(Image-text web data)
┄┄┄┄┄┄

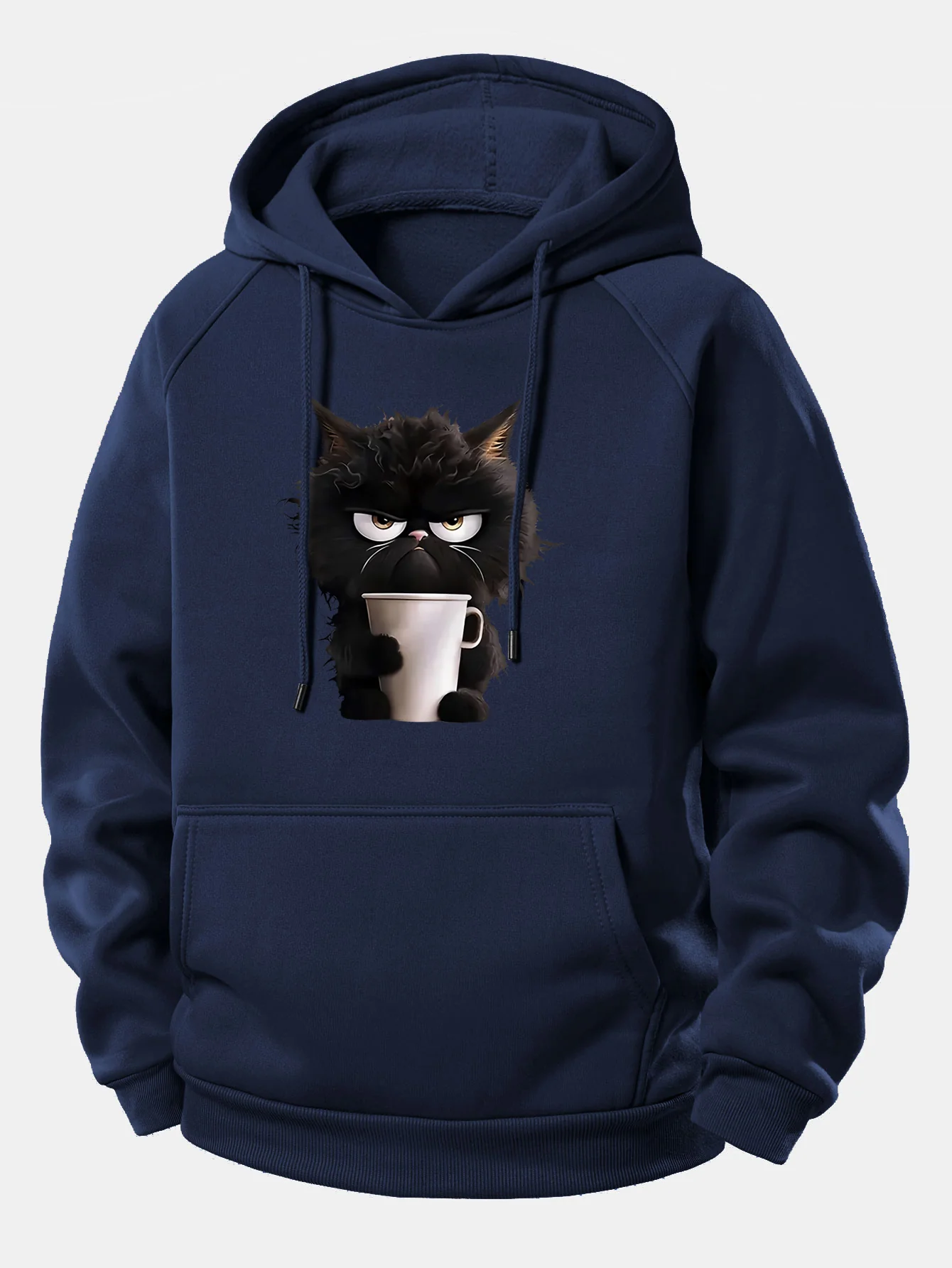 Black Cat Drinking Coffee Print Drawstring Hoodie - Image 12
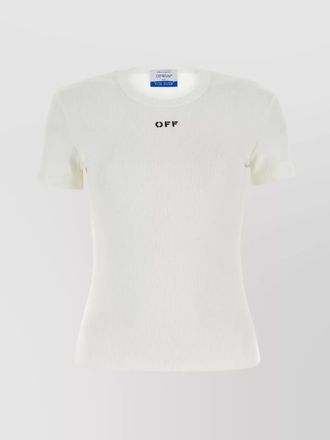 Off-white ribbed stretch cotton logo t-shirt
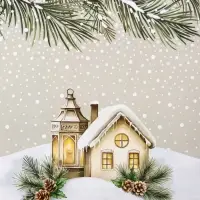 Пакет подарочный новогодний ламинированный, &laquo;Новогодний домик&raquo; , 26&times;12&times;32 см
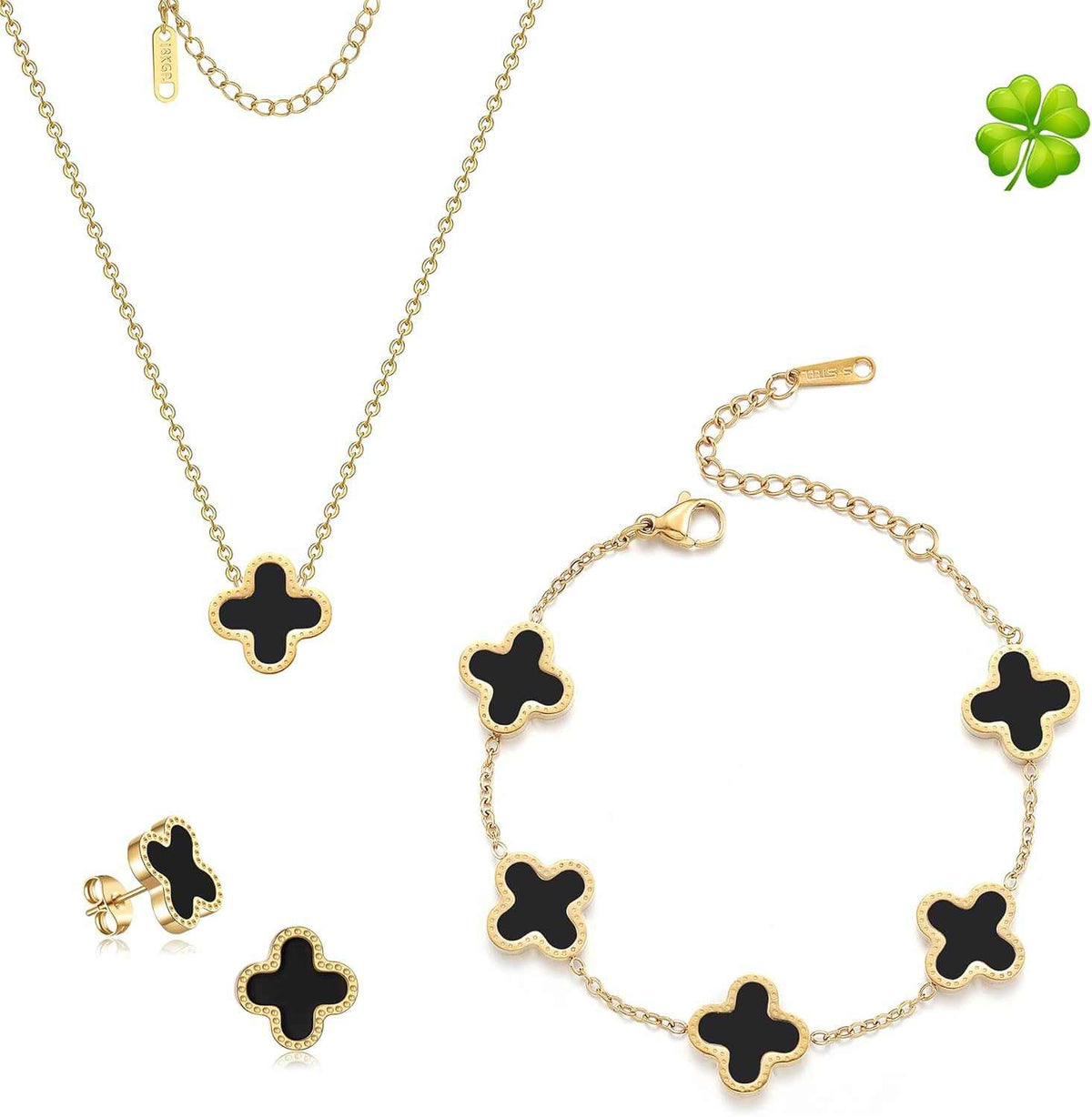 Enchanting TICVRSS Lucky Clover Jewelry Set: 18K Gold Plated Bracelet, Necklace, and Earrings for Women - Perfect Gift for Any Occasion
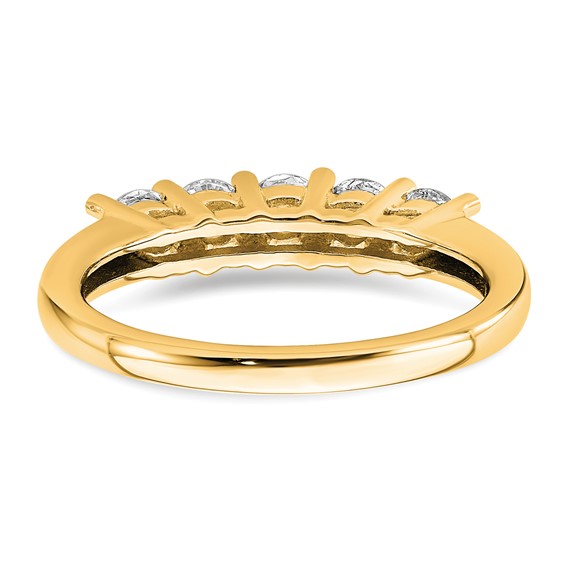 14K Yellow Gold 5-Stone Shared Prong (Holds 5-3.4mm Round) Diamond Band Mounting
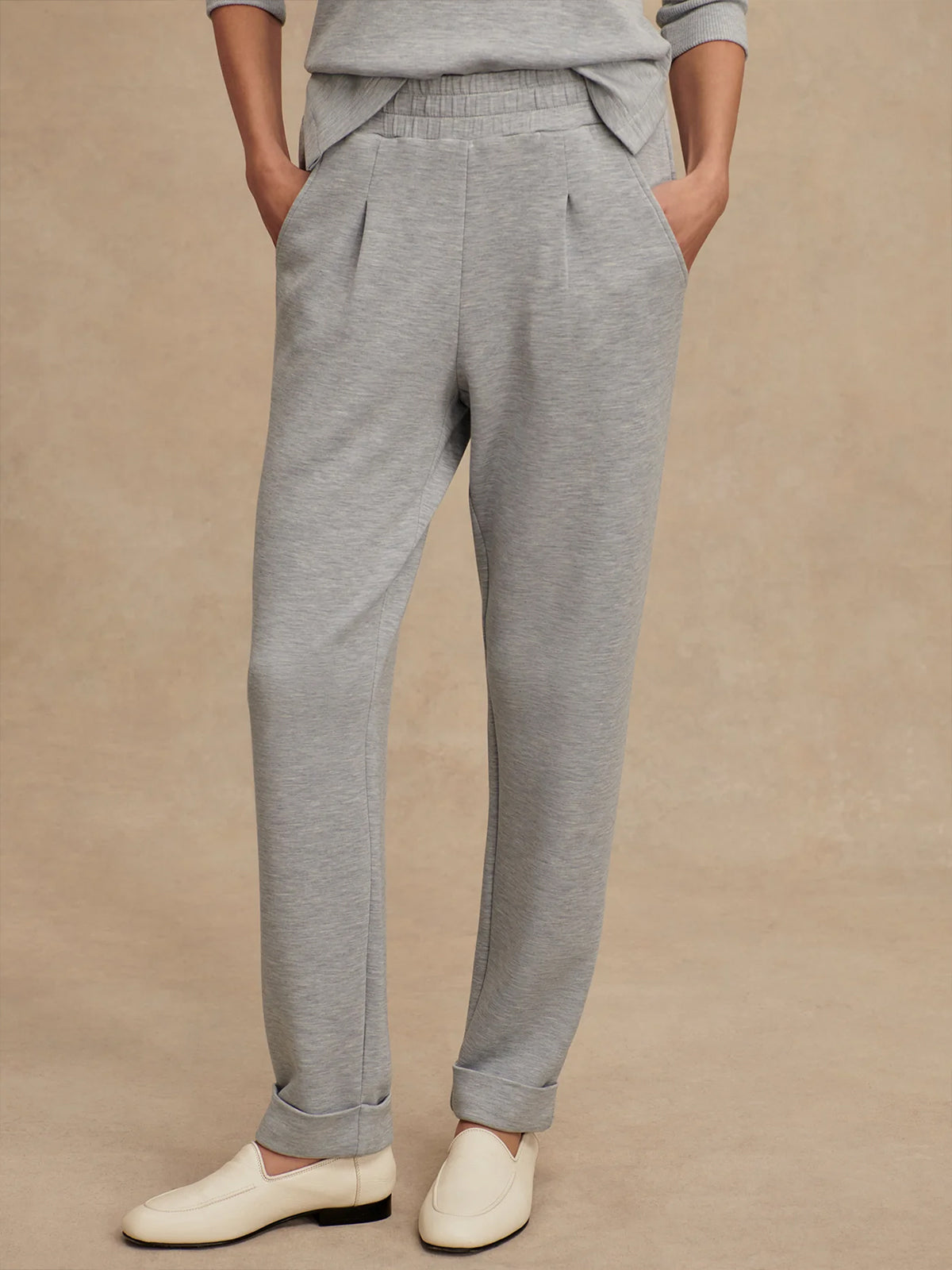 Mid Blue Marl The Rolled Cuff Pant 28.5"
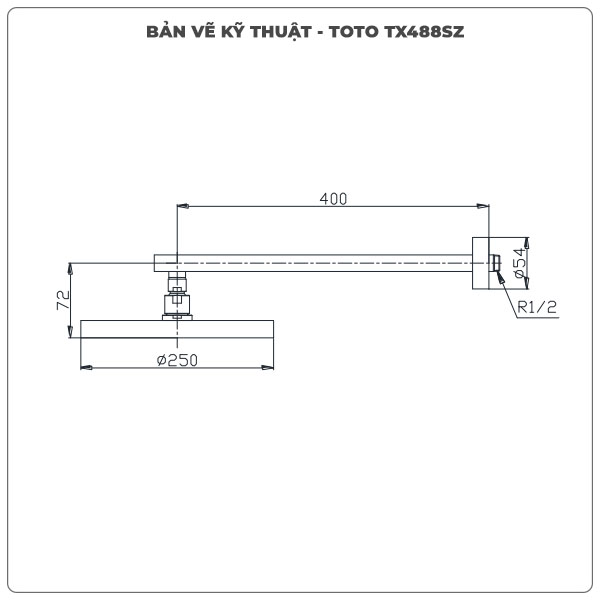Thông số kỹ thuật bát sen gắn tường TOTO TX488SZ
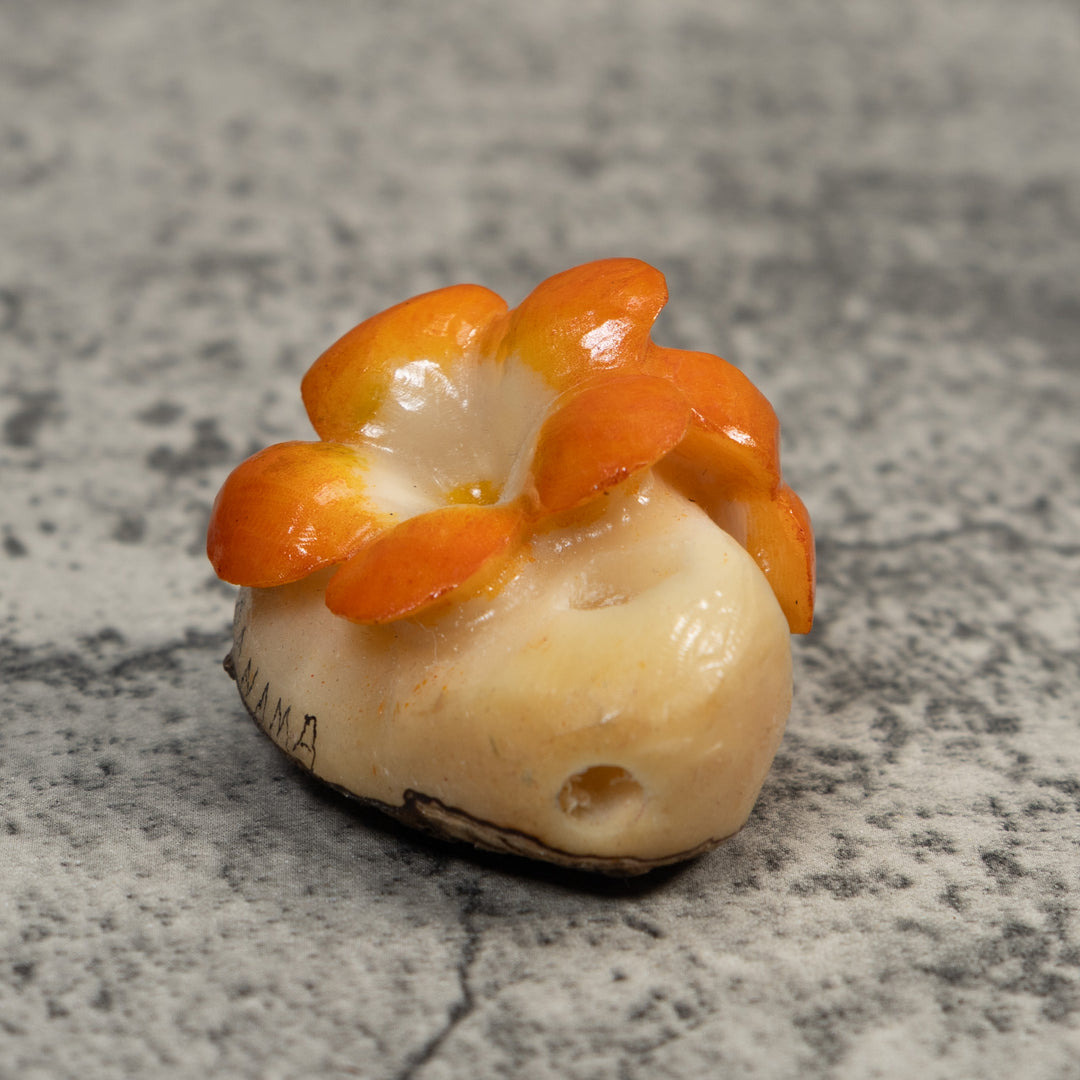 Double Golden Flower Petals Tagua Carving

┄┄┄┄┄┄

→ Task description
Pictures excluded, quote all the data above exactly.

→ Problem solution
 Black Cat Drinking Coffee Print Drawstring Hoodie - Image 12
 Off-white ribbed stretch cotton logo t-shirt
 Пакет подарочный новогодний ламинированный, &laquo;Новогодний домик&raquo; , 26&times;12&times;32 см
 Enchanting TICVRSS Lucky Clover Jewelry Set: 18K Gold Plated Bracelet, Necklace, and Earrings for Women - Perfect Gift for Any Occasion
 14K Yellow Gold 5-Stone Shared Prong (Holds 5-3.4mm Round) Diamond Band Mounting
 Mid Blue Marl The Rolled Cuff Pant 28.5"
Thông số kỹ thuật bát sen gắn tường TOTO TX488SZ
 Double Golden Flower Petals Tagua Carving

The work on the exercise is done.